⚠️ Critical Kerberos Delegation Vulnerability Found in Active Directory
Discovered by Silverfort – Patched in Microsoft’s November 2025 Patch Tuesday
A new high-impact security flaw has been discovered in the Kerberos delegation mechanism used in Active Directory environments.
The research team at Silverfort identified a weakness that could enable attackers to perform a Man-in-the-Middle (MitM) attack and potentially escalate privileges by impersonating another user.
While Microsoft considers the attack path “complex,” the impact on real AD infrastructures is significant enough to require immediate attention.
What is the issue?
Kerberos relies on encrypted tickets to authenticate users and services in Active Directory.

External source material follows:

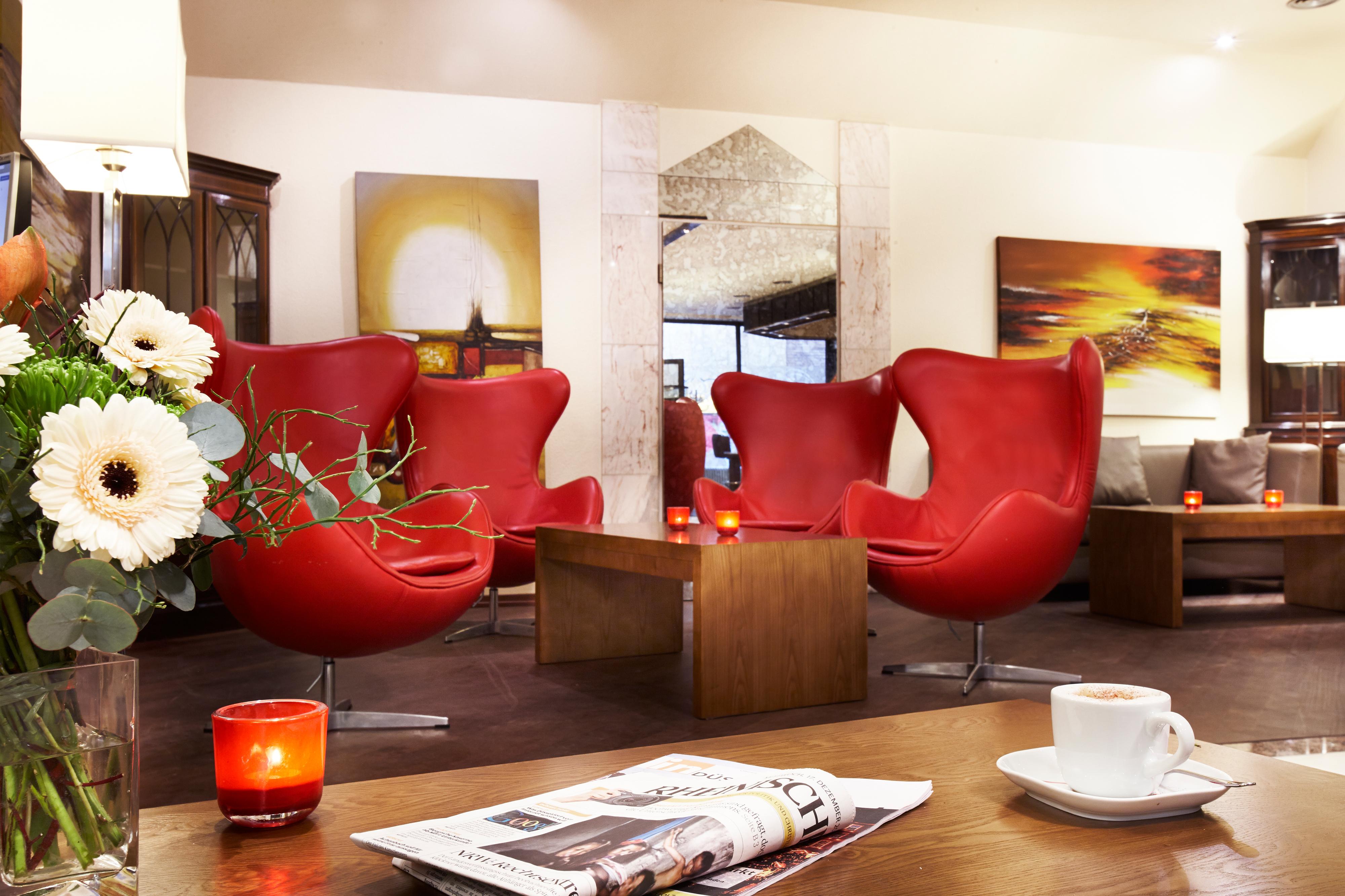 Radisson Center 3*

However, Silverfort discovered that under specific delegation scenarios, an attacker who can intercept or manipulate Kerberos traffic may be able to:
hijack the delegation process
impersonate another user, including privileged accounts
escalate privileges inside the domain
This affects both constrained and unconstrained delegation configurations.
Why this attack matters
A successful exploitation would allow a threat actor to move laterally inside a Windows environment by masquerading as another authenticated user.

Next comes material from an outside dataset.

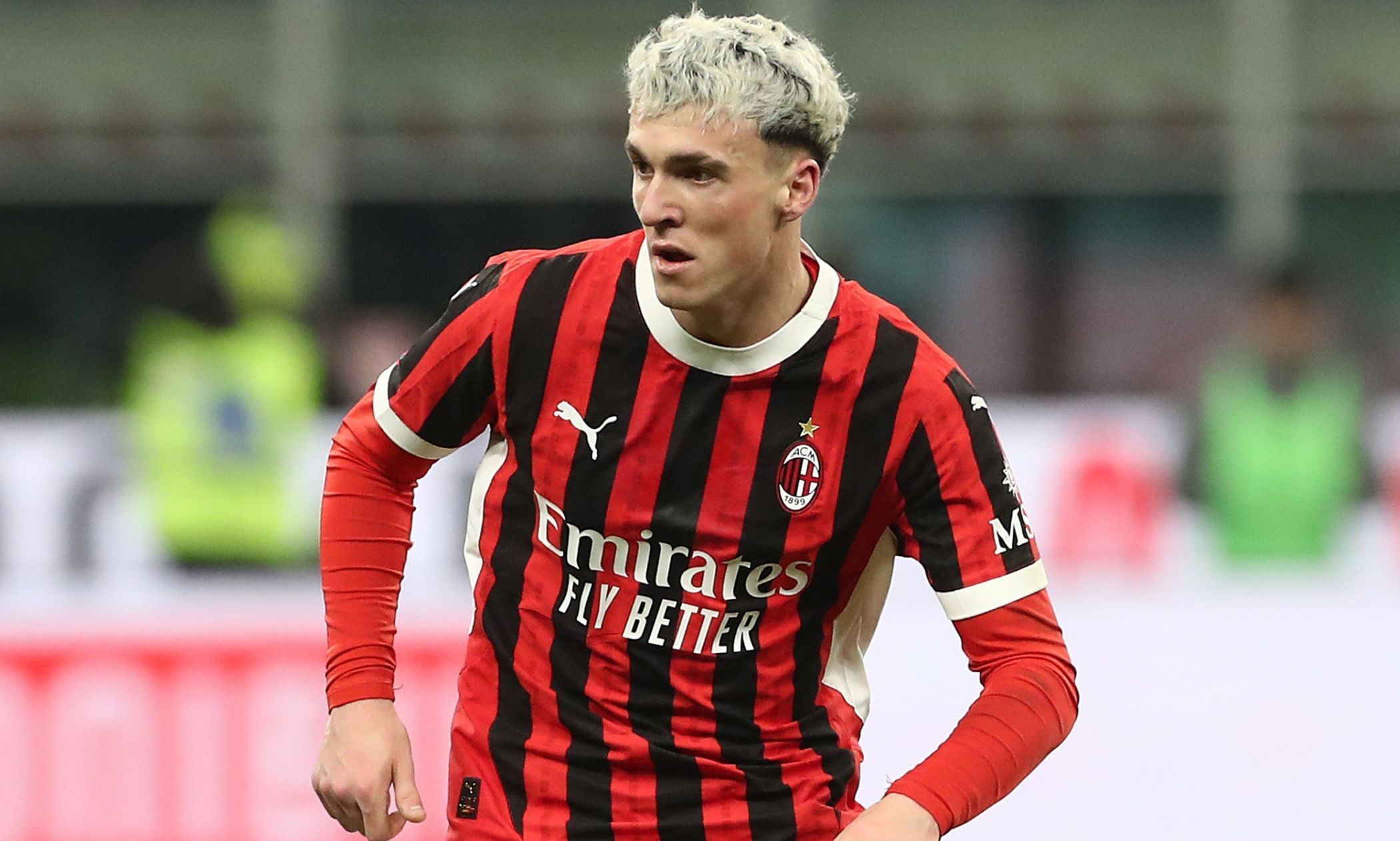 jimenez.milan.2024.25.jpg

Even though the attack requires network access and technical expertise, history has shown that “complex” attacks often become automated once public research is released.

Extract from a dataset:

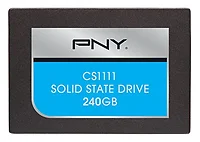 PNY Technologies-SSD7CS1111-240-RB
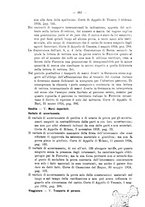 giornale/RML0028304/1924/unico/00000502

Silverfort will present more details at the next Black Hat conference.
Microsoft Patch Tuesday – November 2025
Microsoft has released a security update to address this flaw.
The patch strengthens delegation validation and blocks potential manipulation of Kerberos tickets during the delegation process.
Recommended:
Apply the November 2025 patch immediately, especially on:
Domain Controllers
Servers using Kerberos delegation
Service accounts configured for delegation
How to protect your environment
- Audit delegation settings
Reduce use of unconstrained delegation
Avoid delegating privileges to highly privileged accounts
Review service accounts regularly
- Monitor Kerberos activity
Watch for unusual behaviors such as:
abnormal TGT/TGS requests
unusual delegation or impersonation events
abnormal ticket lifetime or reuse
- Harden AD against MITM
SMB signing
LDAP over TLS
Defender Credential Guard
Network segmentation
Final Thoughts
Kerberos is one of the most trusted pillars of Active Directory authentication.
This newly discovered flaw reminds us that even well-established security protocols can contain hidden weaknesses.
The best protection is straightforward:
patch early, audit often, and continuously monitor your AD environment.